Extracted entries ::
* * * * * * * * *
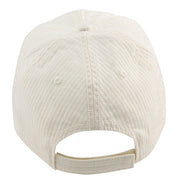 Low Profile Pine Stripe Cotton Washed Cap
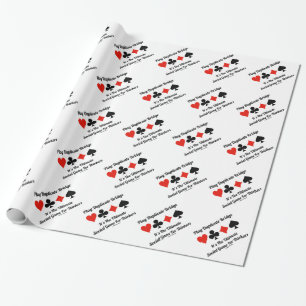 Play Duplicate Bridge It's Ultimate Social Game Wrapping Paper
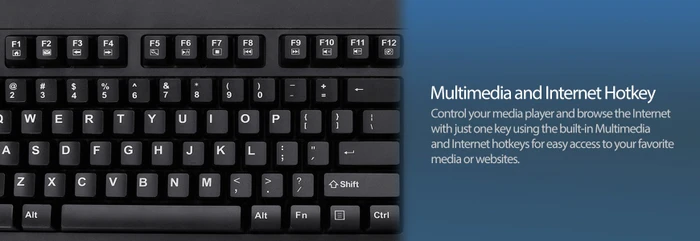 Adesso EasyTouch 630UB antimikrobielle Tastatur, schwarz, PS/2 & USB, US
* * * * * * * * *
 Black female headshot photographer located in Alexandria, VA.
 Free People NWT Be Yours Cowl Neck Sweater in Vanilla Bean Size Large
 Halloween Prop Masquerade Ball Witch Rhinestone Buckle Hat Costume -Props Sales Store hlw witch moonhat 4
* * * * * * * * *
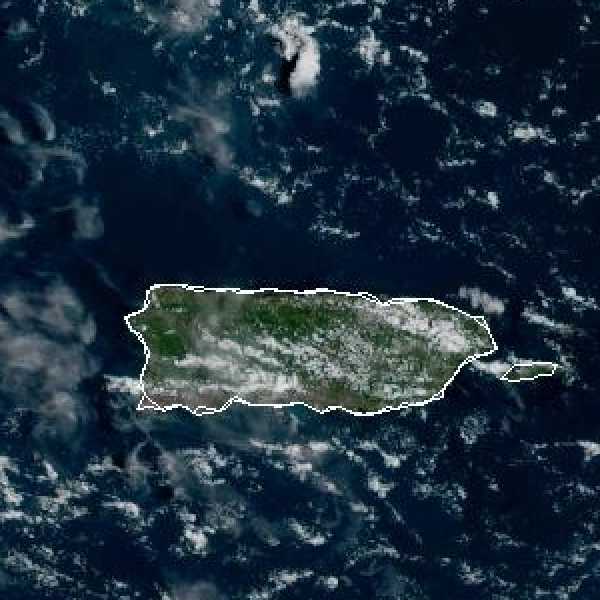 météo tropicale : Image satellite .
* * * * * * * * *
Goal of the exercise :: When you reach the line that has "Low Profile Pine Stripe Cotton Washed Cap" in the data above, start repeating lines exactly, and stop after the line that has "Adesso EasyTouch 630UB"; pictures stay out.

Exercise response ::
 Low Profile Pine Stripe Cotton Washed Cap
 Play Duplicate Bridge It's Ultimate Social Game Wrapping Paper
 Adesso EasyTouch 630UB antimikrobielle Tastatur, schwarz, PS/2 & USB, US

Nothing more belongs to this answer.